_Task statement_
Once the line containing "Italian Road &" is found in the data below, repeat it and every later line exactly, leaving the pictures out.
========================
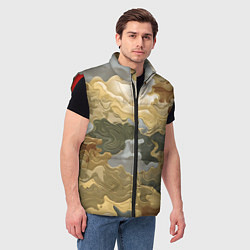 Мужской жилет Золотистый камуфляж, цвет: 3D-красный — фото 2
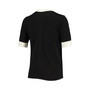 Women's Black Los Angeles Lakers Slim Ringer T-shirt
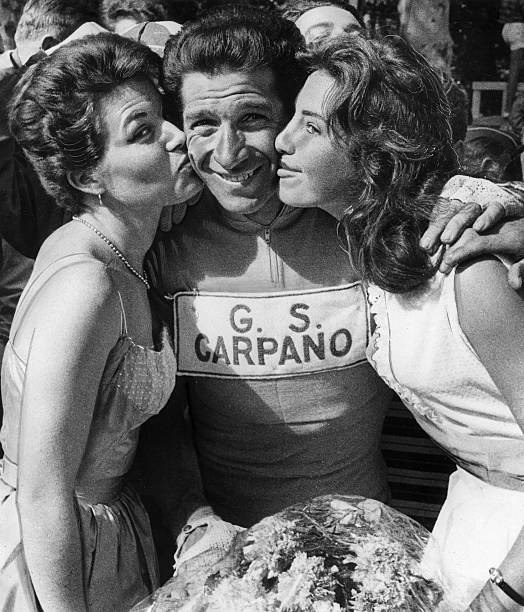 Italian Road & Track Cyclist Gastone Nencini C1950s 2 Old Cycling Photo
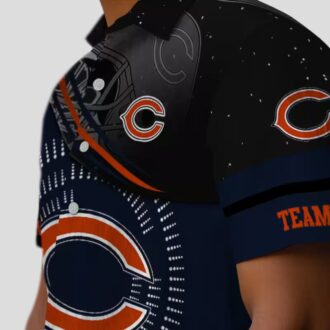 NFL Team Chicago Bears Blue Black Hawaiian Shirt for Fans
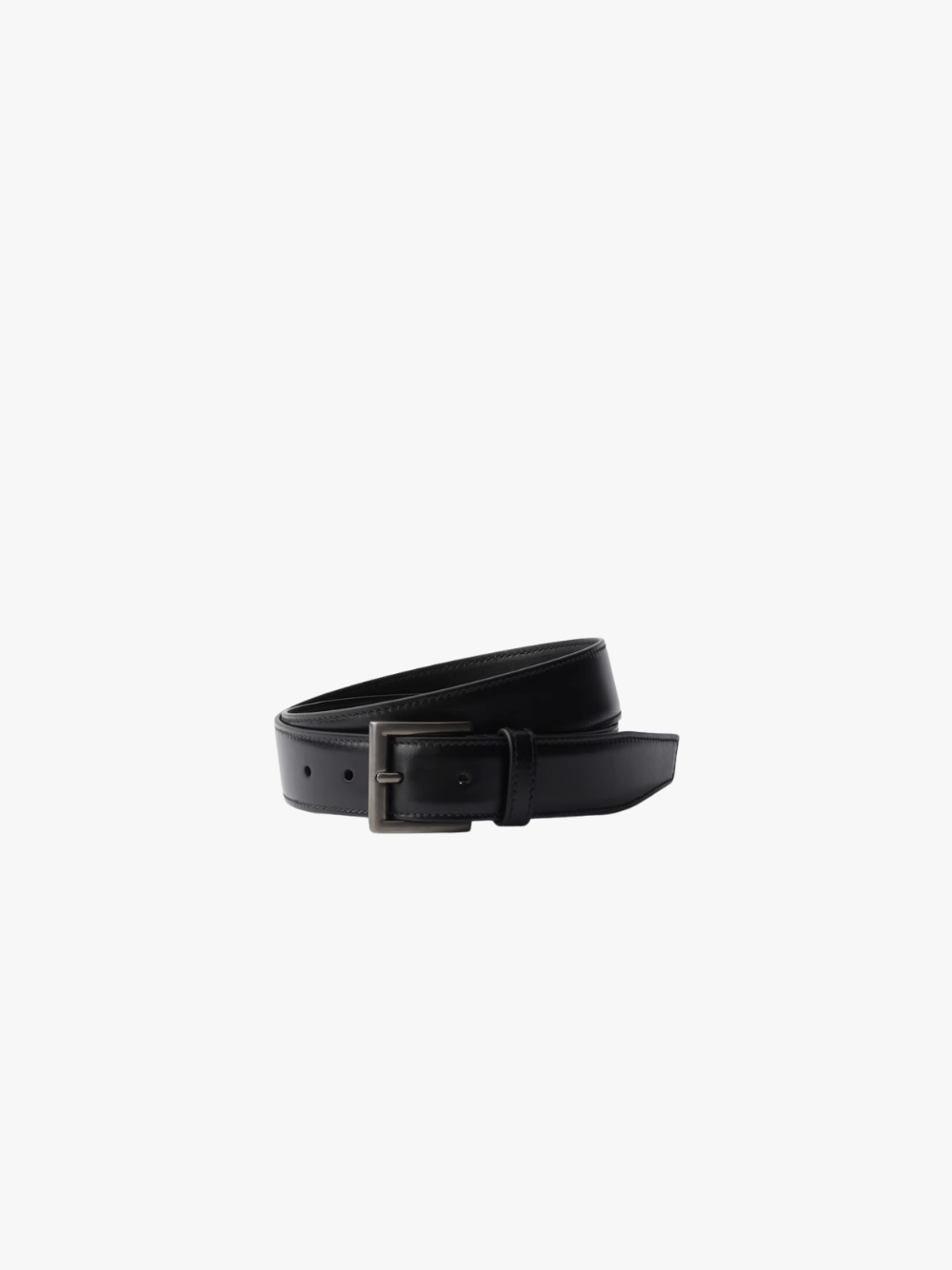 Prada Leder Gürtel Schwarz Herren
========================
_Expected answer_
 Italian Road & Track Cyclist Gastone Nencini C1950s 2 Old Cycling Photo
 NFL Team Chicago Bears Blue Black Hawaiian Shirt for Fans
 Prada Leder Gürtel Schwarz Herren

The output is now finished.